**PROVIDED DATA:**
:::

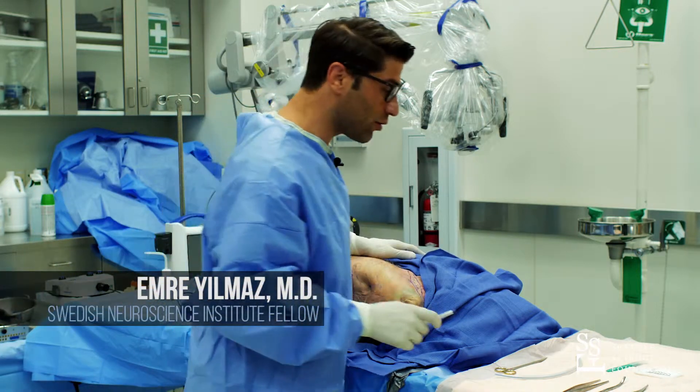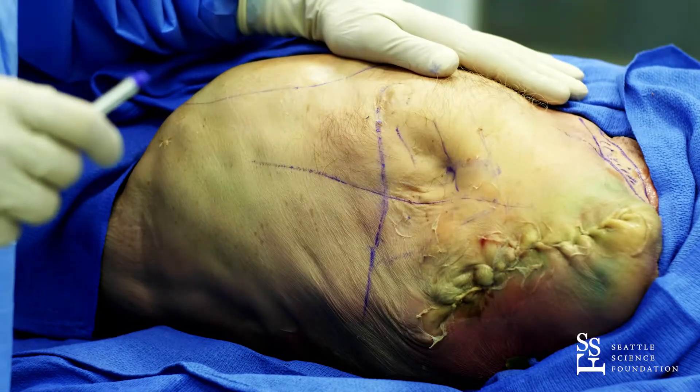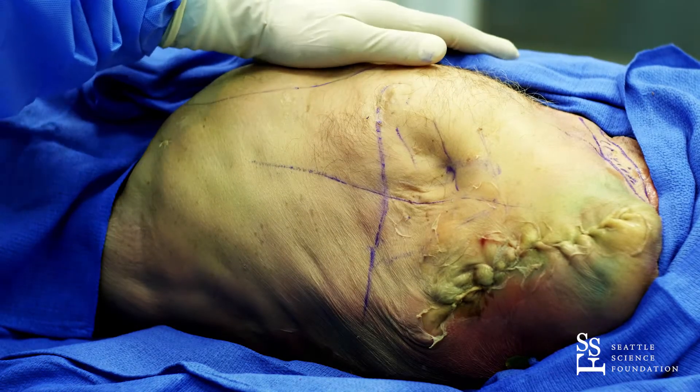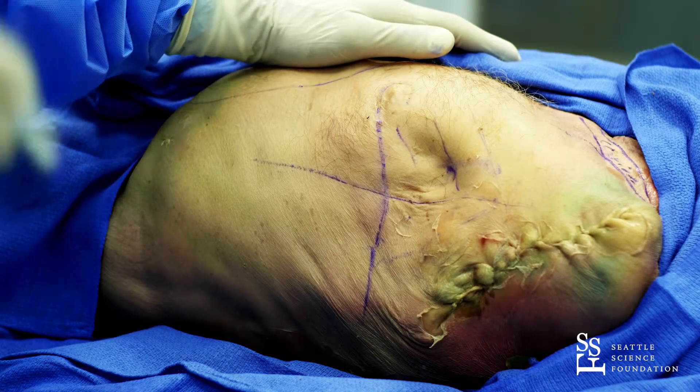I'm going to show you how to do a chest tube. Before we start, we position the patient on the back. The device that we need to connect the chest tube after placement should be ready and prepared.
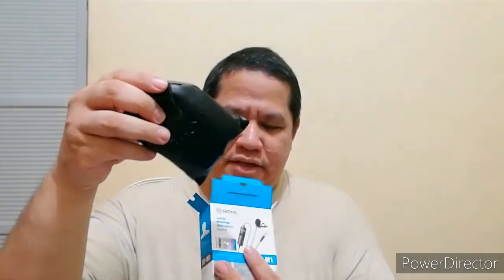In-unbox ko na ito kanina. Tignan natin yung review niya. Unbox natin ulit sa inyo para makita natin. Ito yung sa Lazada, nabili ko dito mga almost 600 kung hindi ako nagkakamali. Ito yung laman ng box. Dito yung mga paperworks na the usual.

:::

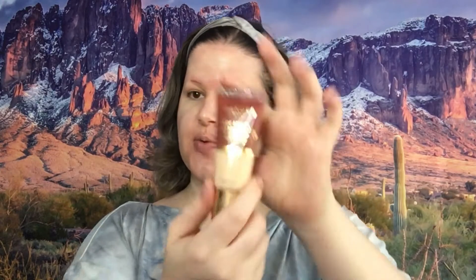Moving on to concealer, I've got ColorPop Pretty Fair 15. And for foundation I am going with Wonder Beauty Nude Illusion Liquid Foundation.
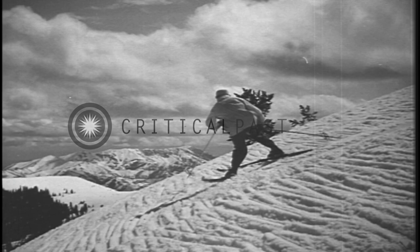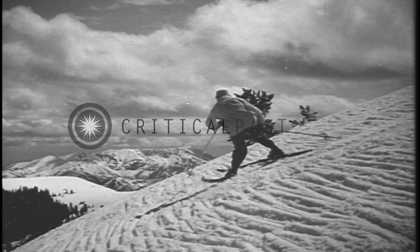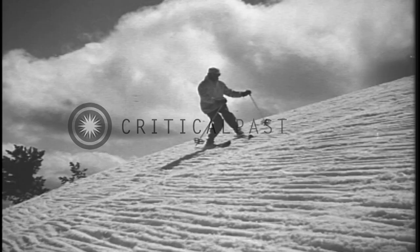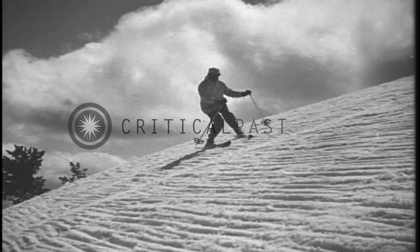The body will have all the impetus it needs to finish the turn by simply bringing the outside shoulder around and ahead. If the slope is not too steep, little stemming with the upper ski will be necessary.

:::

Output exactly those lines of the data above that run from the line with "Moving on to" up to and including the line with "The body will". No pictures go in.

Moving on to concealer, I've got ColorPop Pretty Fair 15. And for foundation I am going with Wonder Beauty Nude Illusion Liquid Foundation.
The body will have all the impetus it needs to finish the turn by simply bringing the outside shoulder around and ahead. If the slope is not too steep, little stemming with the upper ski will be necessary.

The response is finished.